Sigh. The proposed measure has nothing to do with bestiality or anyone legitimately defending themselves or property against a crime. She continues:
“The House Hate Crimes bill (H. R. 913 — already passed on 4.29.09) and the current Senate Hate Crimes bill (S. B. 909) do not define what ‘sexual orientation’ means, is based upon whatever the victim ‘perceives,’ and does not exclude bizarre sexual activities (e.g., bestiality, pedophilia, incest, sexual sadism, voyeurism, sexual masochism, transgenderism, exhibitionism, etc.).
First, “sexual orientation” is already defined in the federal Hate Crimes Statistic Act:
“As used in this section, the term ‘sexual orientation’ means consensual homosexuality or heterosexuality.”
As such, sexual orientation does not include bestiality, pedophilia, or anything else. But that doesn’t stop the lies.

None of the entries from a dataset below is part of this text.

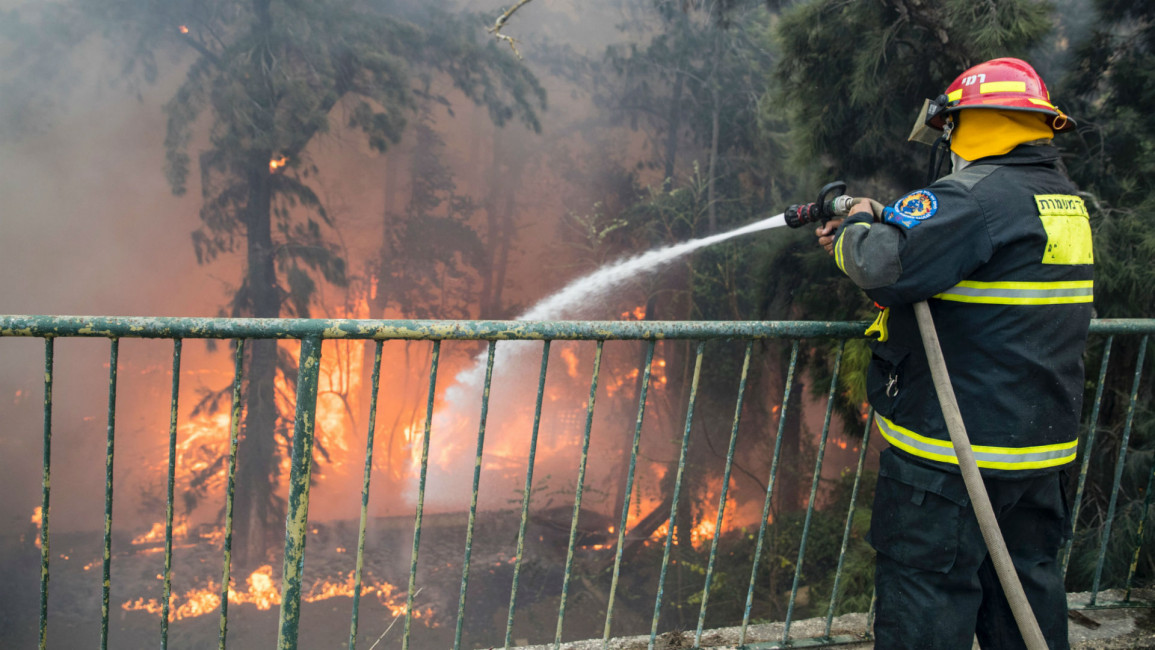 Israel wildfires [AFP]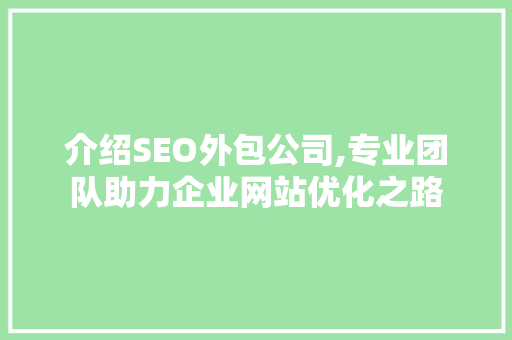 介绍SEO外包公司,专业团队助力企业网站优化之路
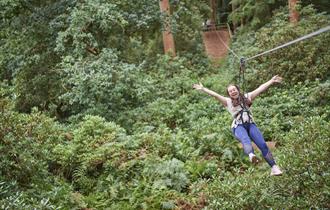 Go Ape Treetop Challenge
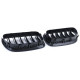 Body kit a vizuální doplňky RACES maska chladiče (Sport Double Bar) pro BMW 5 Series F10 F11 10-17, lesklá | race-shop.cz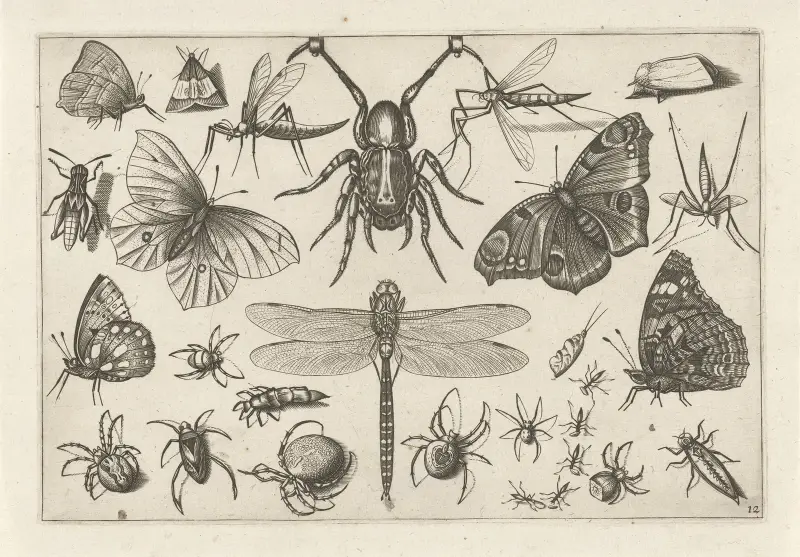 Diversae Insectarum Volatilium Pl.12 av Jacob Hoefnagel
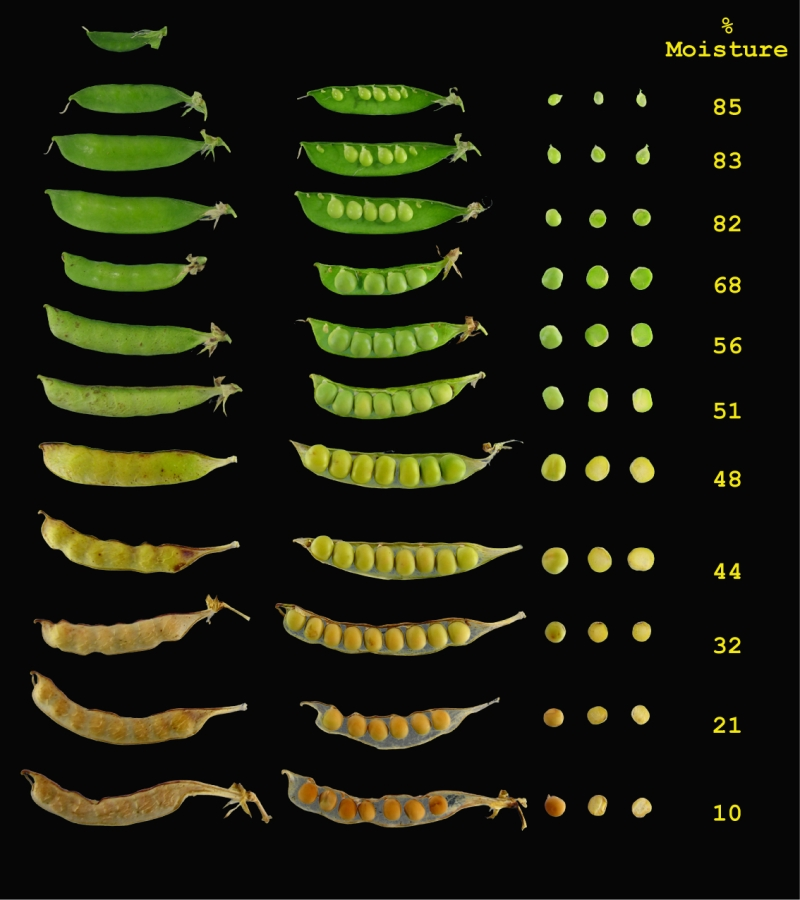 Estimating seed moisture content by seed colour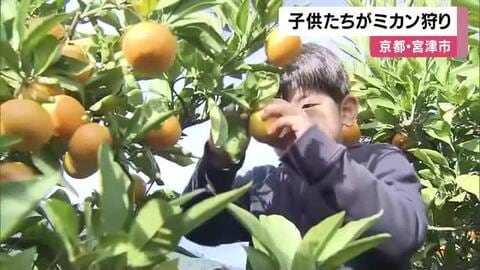 子供たちがミカン狩り　糖度が上がっておいしく　京都・宮津市の果樹園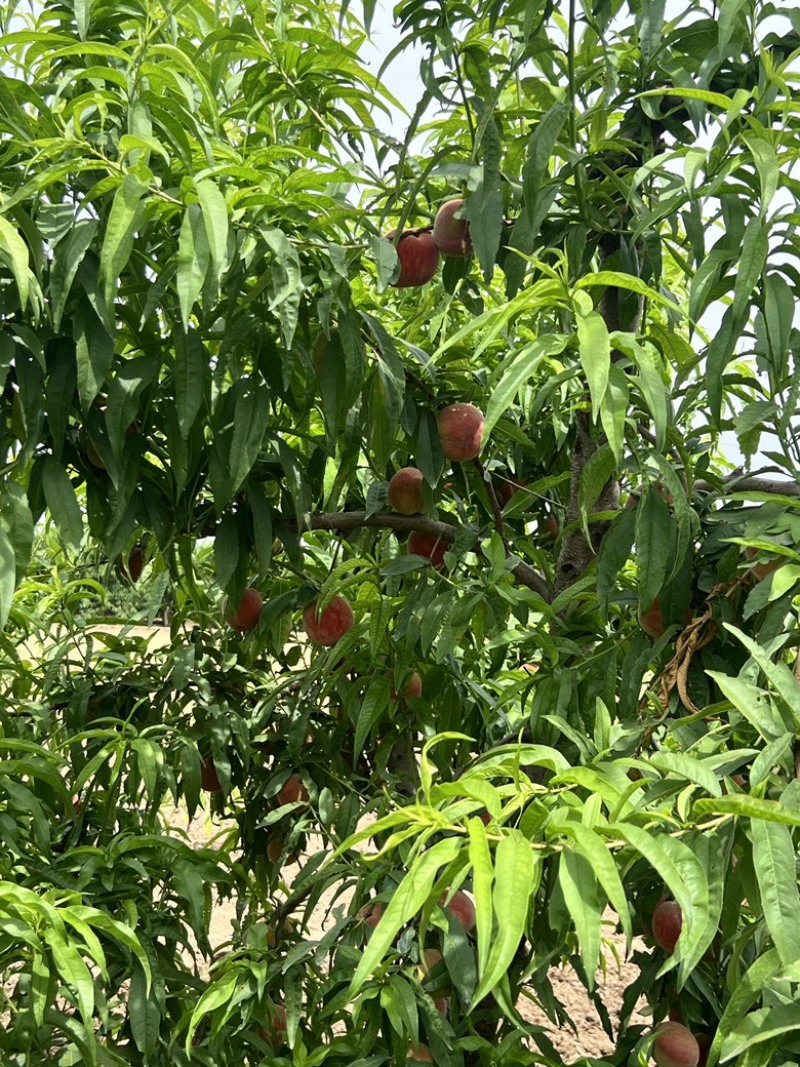 突围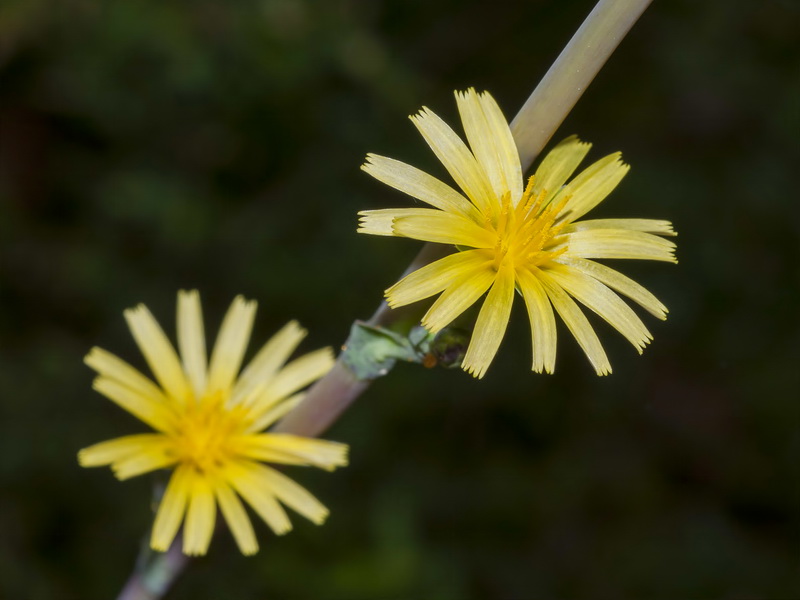 Lactuca serriola.05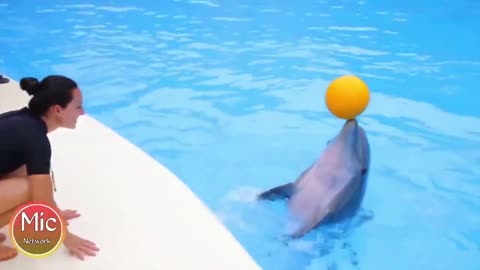 cute dolphin compilation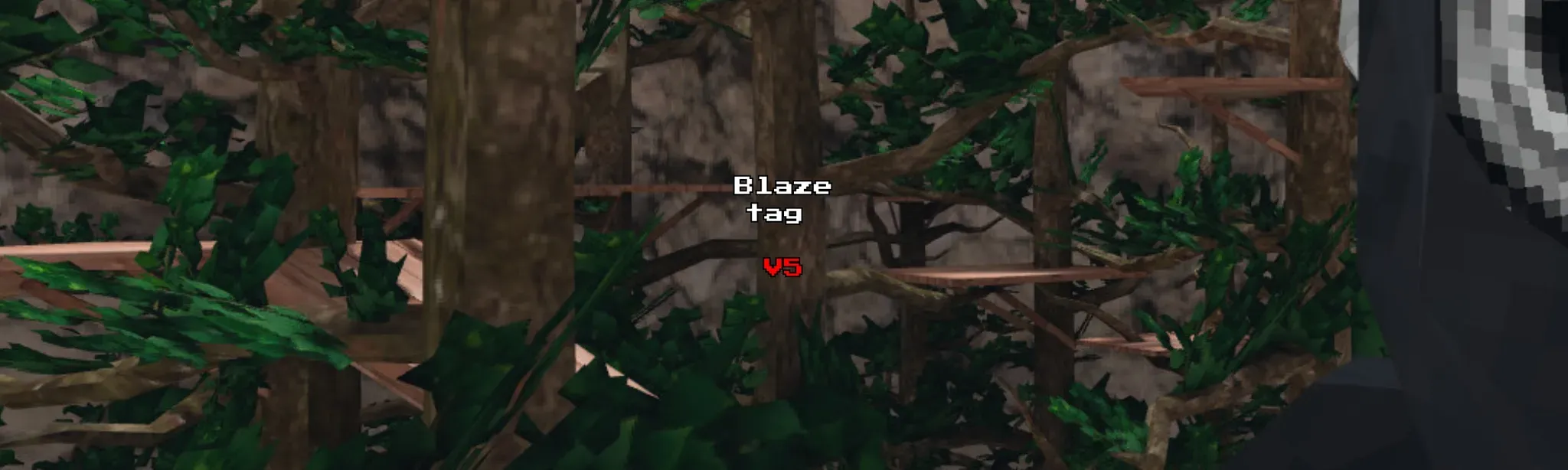 Blaze Tag V5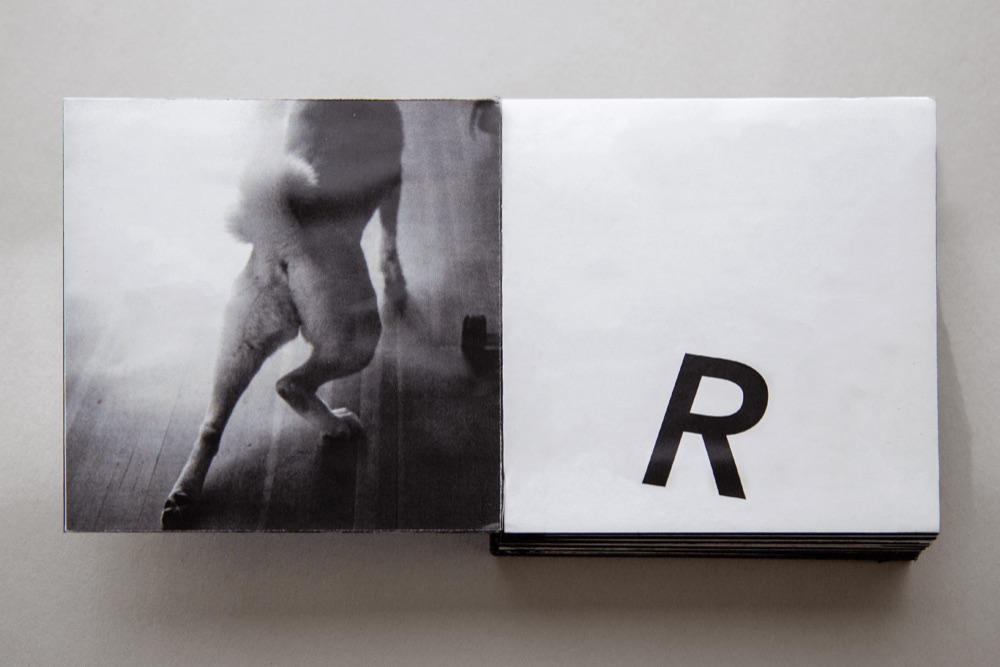 RISD book spread with dog photograph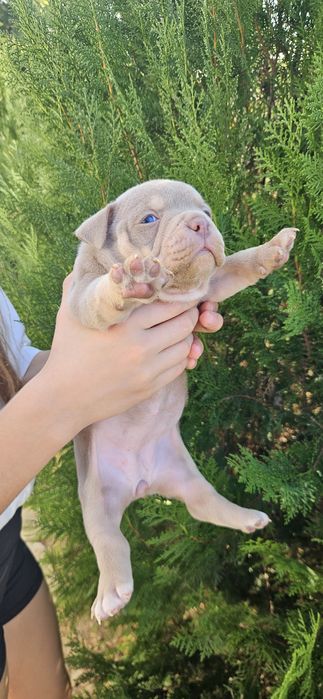 Американско Були Покет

Second, the legislation isn’t “based on whatever the victim ‘perceives.'” The legislation addresses crimes “motivated by the actual or perceived race, color, religion, national origin, gender, sexual orientation, gender identity, or disability of the victim.” The focus is on the perpetrator’s perception of the victim.
Third, the claim that the measure “does not exclude bizarre sexual activities” is ludicrous. The bill doesn’t explicitly “exclude” such practices because the statute couldn’t be legitimately interpreted as including them in the first place. We noted earlier this month that far-right opponents are disingenuously trying to kill the hate crimes measure by linking homosexuality to things, like pedophilia, that most people find objectionable. But lies, distortions and fear have become the primary political weapons of the far right.